Freeman College of Management Professor Thiago Serra, analytics & operations management, and students from his analytics lab recently authored two papers showing how moderately compressing or "pruning" machine learning models called neural networks — an AI method that teaches computers to process data in a way that is inspired by the human brain — may make them more accurate and less biased. Their research was recently accepted for presentation at two prestigious AI-related conferences and may influence AI developers moving forward.
"You use data for training to come up with a neural network, and initially, everything is connected. We examined how the neural network performs with the data cut from it," Serra says. "If you start removing smaller connections that are not so important, the network actually performs better than before. That’s because the performance is more uniform when you prune it — even just a little bit."
The Bucknell researchers' initial paper showed when a moderate amount of compression is used, they can make the machine learning model less biased. They identified how to prune the neural network to reduce bias — where the neural network makes correct predictions more uniformly for different groups. Students from all four undergraduate classes collaborated with Serra on the paper, which was presented last December at NeurIPS, the leading conference about neural networks.
The team's second paper tackled neural network compression from a different angle by determining what connections to remove first to improve efficiency.
"There is very little in terms of theory for where to prune from a neural network, so we came up with our own mathematical results by extending some of my prior work," Serra says. "That work was intended to decide what neural network architectures — in terms of numbers of layers and neurons — are more expressive, and we extended it to deal with the number of connections within neural networks."
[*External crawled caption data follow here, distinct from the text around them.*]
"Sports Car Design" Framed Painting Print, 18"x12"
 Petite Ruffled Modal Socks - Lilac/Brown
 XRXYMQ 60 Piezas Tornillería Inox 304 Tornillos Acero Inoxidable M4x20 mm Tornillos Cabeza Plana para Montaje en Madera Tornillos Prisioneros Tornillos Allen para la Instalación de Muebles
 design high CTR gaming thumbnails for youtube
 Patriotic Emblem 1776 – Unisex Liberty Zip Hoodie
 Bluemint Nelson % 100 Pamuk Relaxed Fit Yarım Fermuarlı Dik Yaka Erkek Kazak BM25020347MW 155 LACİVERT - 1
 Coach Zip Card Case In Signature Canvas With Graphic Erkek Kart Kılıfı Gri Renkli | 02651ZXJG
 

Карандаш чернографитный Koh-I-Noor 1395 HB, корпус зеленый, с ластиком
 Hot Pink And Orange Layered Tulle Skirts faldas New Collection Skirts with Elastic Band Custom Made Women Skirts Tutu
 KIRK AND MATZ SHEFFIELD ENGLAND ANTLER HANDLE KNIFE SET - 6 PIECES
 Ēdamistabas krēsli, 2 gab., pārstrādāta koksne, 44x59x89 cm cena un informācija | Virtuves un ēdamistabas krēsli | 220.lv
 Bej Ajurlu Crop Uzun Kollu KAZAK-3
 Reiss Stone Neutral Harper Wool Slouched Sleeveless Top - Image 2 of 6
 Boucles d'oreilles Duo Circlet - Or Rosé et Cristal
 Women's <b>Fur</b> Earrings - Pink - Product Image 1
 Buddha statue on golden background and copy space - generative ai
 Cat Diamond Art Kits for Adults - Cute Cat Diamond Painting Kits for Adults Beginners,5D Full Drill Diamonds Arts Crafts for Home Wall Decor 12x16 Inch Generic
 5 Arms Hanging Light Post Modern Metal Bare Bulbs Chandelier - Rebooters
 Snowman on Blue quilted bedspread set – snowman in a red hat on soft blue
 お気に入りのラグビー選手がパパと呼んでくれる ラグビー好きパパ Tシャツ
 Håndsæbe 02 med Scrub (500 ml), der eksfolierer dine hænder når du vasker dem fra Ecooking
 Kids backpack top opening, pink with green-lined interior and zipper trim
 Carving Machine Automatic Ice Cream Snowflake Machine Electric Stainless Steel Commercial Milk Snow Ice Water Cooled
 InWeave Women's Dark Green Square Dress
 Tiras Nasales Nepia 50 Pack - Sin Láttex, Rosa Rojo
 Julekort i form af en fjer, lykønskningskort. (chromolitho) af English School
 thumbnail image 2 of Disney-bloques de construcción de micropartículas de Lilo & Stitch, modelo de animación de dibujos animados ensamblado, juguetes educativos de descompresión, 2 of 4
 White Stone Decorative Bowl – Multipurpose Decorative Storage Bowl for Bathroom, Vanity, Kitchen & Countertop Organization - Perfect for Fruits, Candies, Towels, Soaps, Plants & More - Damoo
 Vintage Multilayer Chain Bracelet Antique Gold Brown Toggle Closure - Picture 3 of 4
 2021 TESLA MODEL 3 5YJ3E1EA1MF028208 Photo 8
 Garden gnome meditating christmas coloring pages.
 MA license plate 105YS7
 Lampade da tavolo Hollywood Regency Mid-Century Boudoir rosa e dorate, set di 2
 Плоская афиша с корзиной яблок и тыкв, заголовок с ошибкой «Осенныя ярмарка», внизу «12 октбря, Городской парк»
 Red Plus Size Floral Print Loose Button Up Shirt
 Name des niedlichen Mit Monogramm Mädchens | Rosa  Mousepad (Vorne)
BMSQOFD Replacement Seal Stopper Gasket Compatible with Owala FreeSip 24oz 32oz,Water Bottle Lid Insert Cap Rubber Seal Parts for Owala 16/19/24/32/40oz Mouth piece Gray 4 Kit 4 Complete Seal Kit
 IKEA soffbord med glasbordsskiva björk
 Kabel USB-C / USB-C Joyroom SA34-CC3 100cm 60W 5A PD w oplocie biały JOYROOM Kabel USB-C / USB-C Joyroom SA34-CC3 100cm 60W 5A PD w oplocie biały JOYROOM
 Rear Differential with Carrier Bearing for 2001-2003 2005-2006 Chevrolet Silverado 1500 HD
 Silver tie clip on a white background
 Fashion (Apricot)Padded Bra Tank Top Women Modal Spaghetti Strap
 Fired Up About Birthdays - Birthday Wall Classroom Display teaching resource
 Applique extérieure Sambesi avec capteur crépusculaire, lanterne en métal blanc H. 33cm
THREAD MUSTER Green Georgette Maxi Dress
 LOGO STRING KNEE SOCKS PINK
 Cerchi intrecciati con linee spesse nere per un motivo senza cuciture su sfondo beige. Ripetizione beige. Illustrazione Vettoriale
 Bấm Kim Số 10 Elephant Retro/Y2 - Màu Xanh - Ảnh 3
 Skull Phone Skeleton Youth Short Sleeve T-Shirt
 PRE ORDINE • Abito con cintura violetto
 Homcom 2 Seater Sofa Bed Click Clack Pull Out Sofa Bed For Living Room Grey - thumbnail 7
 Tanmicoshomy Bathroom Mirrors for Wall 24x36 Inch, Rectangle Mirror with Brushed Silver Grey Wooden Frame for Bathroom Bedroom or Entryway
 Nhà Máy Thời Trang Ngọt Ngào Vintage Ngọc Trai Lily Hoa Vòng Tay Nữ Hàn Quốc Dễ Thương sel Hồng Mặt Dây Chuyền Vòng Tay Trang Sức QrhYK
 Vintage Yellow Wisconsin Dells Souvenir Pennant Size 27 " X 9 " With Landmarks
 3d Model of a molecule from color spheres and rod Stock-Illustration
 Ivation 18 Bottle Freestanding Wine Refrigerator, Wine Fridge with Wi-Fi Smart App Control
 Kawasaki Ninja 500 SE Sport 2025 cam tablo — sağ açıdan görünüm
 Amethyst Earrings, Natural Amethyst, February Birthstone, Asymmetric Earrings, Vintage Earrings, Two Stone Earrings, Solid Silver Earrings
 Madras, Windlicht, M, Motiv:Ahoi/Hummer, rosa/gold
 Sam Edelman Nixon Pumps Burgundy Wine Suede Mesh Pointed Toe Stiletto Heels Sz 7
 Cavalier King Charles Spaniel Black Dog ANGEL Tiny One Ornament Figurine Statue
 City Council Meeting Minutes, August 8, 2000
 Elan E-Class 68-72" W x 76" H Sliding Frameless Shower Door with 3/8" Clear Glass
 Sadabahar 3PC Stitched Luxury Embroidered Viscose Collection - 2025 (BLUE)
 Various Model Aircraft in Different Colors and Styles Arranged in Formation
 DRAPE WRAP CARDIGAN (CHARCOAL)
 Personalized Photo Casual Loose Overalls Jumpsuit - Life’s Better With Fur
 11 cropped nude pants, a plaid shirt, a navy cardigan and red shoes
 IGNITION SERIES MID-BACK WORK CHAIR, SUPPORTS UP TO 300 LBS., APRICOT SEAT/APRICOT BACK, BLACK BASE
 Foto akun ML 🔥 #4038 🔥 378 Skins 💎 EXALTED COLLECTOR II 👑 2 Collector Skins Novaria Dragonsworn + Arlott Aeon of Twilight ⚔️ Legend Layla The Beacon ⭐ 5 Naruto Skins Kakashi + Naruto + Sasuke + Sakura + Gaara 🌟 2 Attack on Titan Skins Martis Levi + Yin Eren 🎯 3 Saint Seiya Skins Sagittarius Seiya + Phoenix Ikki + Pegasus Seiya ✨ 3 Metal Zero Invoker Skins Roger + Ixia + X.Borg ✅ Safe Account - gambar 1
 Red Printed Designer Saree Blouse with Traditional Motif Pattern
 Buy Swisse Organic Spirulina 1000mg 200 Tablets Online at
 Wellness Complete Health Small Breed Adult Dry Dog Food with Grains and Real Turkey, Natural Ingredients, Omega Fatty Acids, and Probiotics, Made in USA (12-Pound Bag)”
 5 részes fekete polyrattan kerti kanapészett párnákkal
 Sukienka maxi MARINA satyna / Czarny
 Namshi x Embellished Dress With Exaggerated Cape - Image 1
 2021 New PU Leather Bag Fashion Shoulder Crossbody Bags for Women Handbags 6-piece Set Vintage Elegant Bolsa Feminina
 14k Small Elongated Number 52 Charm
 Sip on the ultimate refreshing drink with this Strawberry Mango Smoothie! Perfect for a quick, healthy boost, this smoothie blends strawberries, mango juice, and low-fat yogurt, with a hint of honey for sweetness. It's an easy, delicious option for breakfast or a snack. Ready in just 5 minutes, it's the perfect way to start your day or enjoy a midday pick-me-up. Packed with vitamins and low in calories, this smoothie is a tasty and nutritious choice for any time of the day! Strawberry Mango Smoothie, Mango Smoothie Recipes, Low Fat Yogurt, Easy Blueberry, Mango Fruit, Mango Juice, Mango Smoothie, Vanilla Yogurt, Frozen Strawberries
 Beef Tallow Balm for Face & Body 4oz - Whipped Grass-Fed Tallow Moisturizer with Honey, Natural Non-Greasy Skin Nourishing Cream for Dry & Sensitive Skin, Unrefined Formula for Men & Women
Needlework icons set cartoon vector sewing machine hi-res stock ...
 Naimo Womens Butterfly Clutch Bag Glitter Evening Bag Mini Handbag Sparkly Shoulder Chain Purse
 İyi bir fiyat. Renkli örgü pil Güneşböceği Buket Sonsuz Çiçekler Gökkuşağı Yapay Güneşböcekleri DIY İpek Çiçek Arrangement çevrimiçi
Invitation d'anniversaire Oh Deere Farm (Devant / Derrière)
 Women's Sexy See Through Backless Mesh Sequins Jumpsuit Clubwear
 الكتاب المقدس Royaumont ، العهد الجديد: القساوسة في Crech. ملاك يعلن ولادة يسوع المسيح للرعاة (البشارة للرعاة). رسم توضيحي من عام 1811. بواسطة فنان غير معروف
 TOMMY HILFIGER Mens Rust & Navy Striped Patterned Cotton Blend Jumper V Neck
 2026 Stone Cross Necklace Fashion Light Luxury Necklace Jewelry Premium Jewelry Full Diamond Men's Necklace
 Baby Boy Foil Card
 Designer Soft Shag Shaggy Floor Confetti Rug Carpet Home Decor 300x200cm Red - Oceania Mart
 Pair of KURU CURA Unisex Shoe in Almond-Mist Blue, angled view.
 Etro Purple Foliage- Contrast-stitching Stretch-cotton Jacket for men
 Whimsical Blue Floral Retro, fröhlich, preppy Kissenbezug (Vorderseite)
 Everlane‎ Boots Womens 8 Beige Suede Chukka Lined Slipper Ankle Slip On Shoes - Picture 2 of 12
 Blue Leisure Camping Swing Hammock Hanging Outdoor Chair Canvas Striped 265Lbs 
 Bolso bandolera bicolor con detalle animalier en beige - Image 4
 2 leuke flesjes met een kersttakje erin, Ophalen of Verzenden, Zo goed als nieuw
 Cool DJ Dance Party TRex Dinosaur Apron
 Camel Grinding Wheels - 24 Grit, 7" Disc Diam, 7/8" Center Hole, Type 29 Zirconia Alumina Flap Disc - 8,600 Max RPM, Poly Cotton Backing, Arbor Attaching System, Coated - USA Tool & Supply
Serra presented that paper in June at the International Conference on the Integration of Constraint Programming, Artificial Intelligence, and Operations Research in Nice, France.
The research was supported, in part, by a $174,000 National Science Foundation two-year grant aimed at developing exact neural network compression algorithms to effectively reduce their size and make them more widely available on conventional devices.
"All of this has come from my own work, which I started in 2018, and from testing neural networks in my lab over the past two years," Serra says. "We can use this analysis to get neural networks to do all kinds of things, and these papers will help us leverage what they do to work better in the future."
Serra and his students will continue their neural network optimization work, particularly amid the growing interest in AI-related applications.